We are all attracted to energy. Judges love couples who display energy. To some extent, nobody cares about technique or footwork. Only about seeing external manifestations of energy that travels through every bit of the body. For the rest of the class, the Energized Woman holds a competition for the most beautiful sunflower. In the bronze standard class right after this, we practice stepping in connection with the floor in tango with our feet being cautious, exaggerated, and fast. Energy travels through bodies the same.
After class, the Contented Man comes up to me and asks me if I am going to DCDI. I don’t know what it is but I guess it’s a ballroom competition. I say, “No.” He asks why. “Because I don’t have a partner.” He asks, “How about the person you were dancing with?” “I don’t know who they are.” The Contented Man tells me he really wants me to try out competitions and suggests I ask some tall Irish man in our dance club who is looking for a partner to dance with me. Of course, I never ask. What if he says “yes” and I will have to dance with a tall Irish man? The Contented Man asks me where I danced before.

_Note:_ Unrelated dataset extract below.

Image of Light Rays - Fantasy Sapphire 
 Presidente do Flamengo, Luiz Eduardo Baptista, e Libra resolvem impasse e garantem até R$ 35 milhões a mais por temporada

Before, I danced in a public school’s old assembly hall. It had a tiny unused stage and a wooden floor with tiles laid out in lines of christmas-tree pattern. Some tiles stuck out. There was a mirror on the wall opposite the stage. In the farthest corner from the entrance there were wooden steps that led to a booth with sound equipment and a door to the overcaffeinated man’s den from which he brought out cups after cups of a beverage whose smell followed him everywhere. Before that, the past I danced in another public school’s assembly hall that was quite similar but it was bigger, with a higher ceiling and taller windows, less coffee and frustration.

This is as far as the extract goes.